Hi ,
currently i`m trying to abuse the graphics hardware to do image convolution plus some additional calculation with the convolution result:
To be precise the algorithm has 3 passes which are :
- calculate x and y derivates step 1
- calculate x and y derivates step 2
- for every pixel sum the 3 possible products between dx and dy in the neighbourhood of each pixel
Pass 1 and 2 work like a charm, number 3 does not because the compiler is allocating an excessive number of temporaries , without any need to do so …
Here is the GLslang code :
const int KERNEL_WIDTH = 5 ;
const int KERNEL_HEIGHT = 5 ;
uniform samplerRECT textures[1];
uniform vec4 kernel [4][3];
void main(void)
{
int i,j,k;
vec4 accum[3] ;
vec2 addr = gl_TexCoord[0].xy;
for (i=0;i<KERNEL_HEIGHT;i++)
{
addr.x = gl_TexCoord[0].x;
for (j=0;j<KERNEL_WIDTH;j++)
{
vec4 tex = texRECT (textures[0],addr);
half4 gx,gy;
gx.xy = unpack_2half (tex.x);
gx.zw = unpack_2half (tex.y);
gy.xy = unpack_2half (tex.z);
gy.zw = unpack_2half (tex.w);
vec4 gxx = gx * gx ;
vec4 gxy = gx * gy ;
vec4 gyy = gy * gy ;
for (k=0;k<4;k++)
{
accum[0][k]+= dot (gxx * gxy , kernel[k][j] );
accum[1][k]+= dot (gxy , kernel[k][j] );
accum[2][k]+= dot (gyy , kernel[k][j]);
}
addr.x+=1;
}
addr.y+=1;
vec4 gxx = vec4 (accum[0][0],accum[0][1],accum[0][2],accum[0][3]);
vec4 gxy = vec4 (accum[1][0],accum[1][1],accum[1][2],accum[1][3]);
vec4 gyy = vec4 (accum[2][0],accum[2][1],accum[2][2],accum[2][3]);
gl_FragColor = (gxx + gyy - sqrt((gxx - gyy)*(gxx - gyy) + 4*gxy*gxy))/2.0;
}
Now , looking at the asm ouput ( i can provide it but its rather lengthy ) the compiler tries to make the texture fetches independent from each other by using different temporary variables for the accums and summing them up only at the very end.
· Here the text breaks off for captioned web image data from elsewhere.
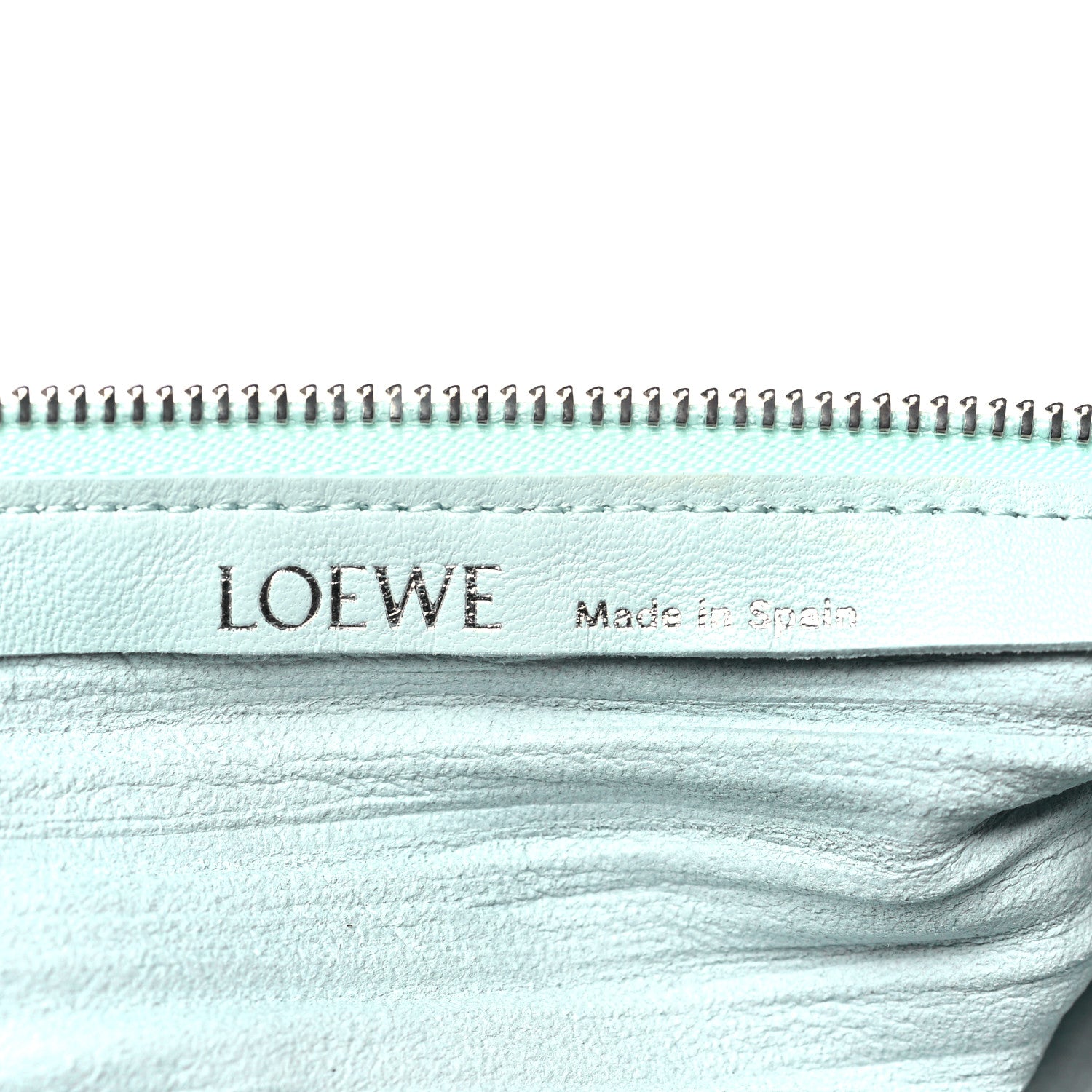 Loewe Lambskin Pleated Bracelet Pouch shoulder Bag Blue Iceberg 6 of 8
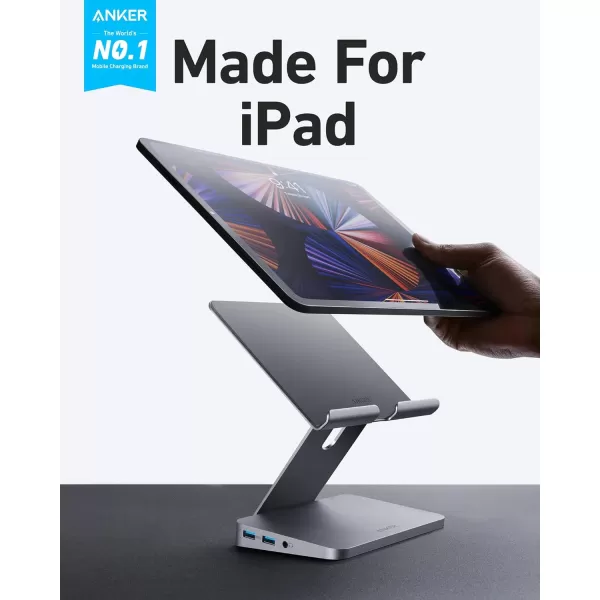 Anker  551 USBC Hub 8in1 with Foldable Tablet Stand Dock 4K HDMI 2 USBA Data Ports for iPad Pro 5th Gen  iPad Air 5th GeniPad Mini 6th and Later Silver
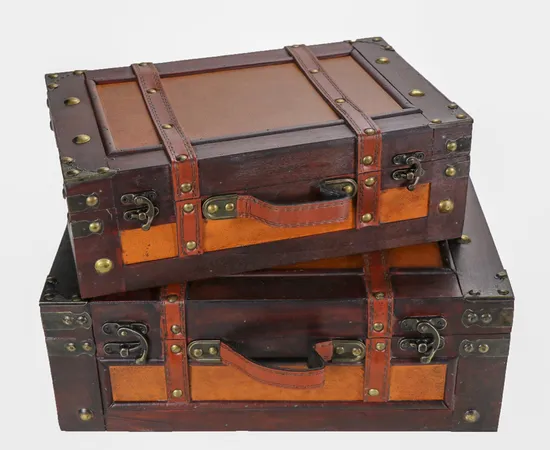 Antique Wooden Suitcase Set/2, Vintage Luggage Storage Box, Home Decor Organizer Dress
By this for every loop iteration another set of 3 temporaries is used , and so i
m quickly hitting the 32 tmps boundary for Geforce FX .
Has anyone experienced similar behaviour ? Is There a way to tell the compiler not to use this “optimization” , or better : shouldnt the compiler be clever enough to disable it when it is running out of temps when using the optimization ? I
m using a GeForce FX 5600 with Forceware 66.32.
Best Regards ,
Martin Kraus